The report recommends: the annual publication of a directory of adult education agencies; the possible establishment of an institute of industrial relations; the provision of a non-residential trade union college; the continuous assessment of adult education provisions; a re-assessment and co-ordination of all agencies involved in adult education. This is particularly important. There is a vast amount of duplication and overlapping. A lot of people are fishing in a very small pool and ignoring the fact that their lines are getting tangled and that there are other much larger pools a very short distance away.

The report suggests the integration of youth education, adult education and community development services at national and local levels. If this adult education service, as outlined in the report, is going to be the sort of service that is required, we would have to have integration. We would have to give up the demarcation disputes, which are such a prominent part of Irish administrative life, and focus on the student as the person whose needs should determine the structure. This is a very important thing. I underline and underwrite this recommendation of the report.
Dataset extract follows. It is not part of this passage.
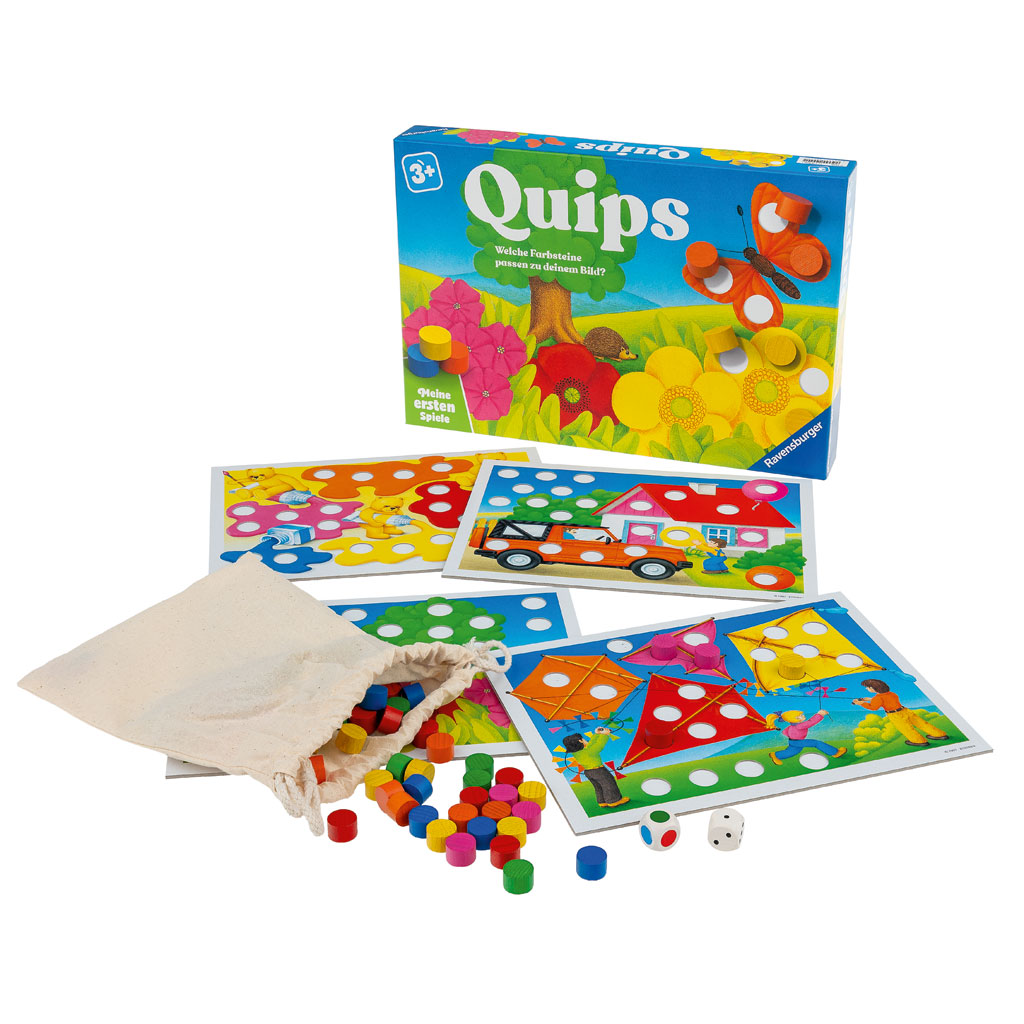 Quips – Welche Farbsteine passen zu deinem Bild?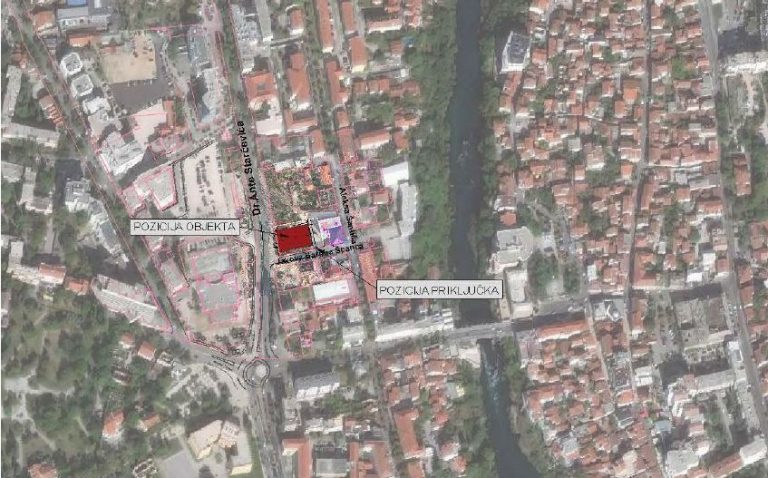 Deset etaža u centralnoj zoni: Autoceste FBiH grade poslovnu zgradu u Mostaru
The report is very strong on community development and the need to develop people so that they can play a full enlightened part in all the social and political affairs of their community. I feel at times it begs some of the questions about community development. When we talk about community development, we sometimes seem to assume that the community about which we are talking—whether it is the community in Ireland, in Dublin, Ballyfermot, Westport or wherever—is a group of people, all, generally speaking, of the same social class, all sharing the same political ambitions and the same value system. Communities are not like that. The report might have done us a service if it had had adverted in a more detailed way to the very complex strand which exists in communities and to the role of adult education in relation to these communities.

Here I should like to quote from an article by Mr. Bob Ashcroft, who is a Research Associate at the Institute of Extension Studies, University of Liverpool, commenting precisely on the adult education report.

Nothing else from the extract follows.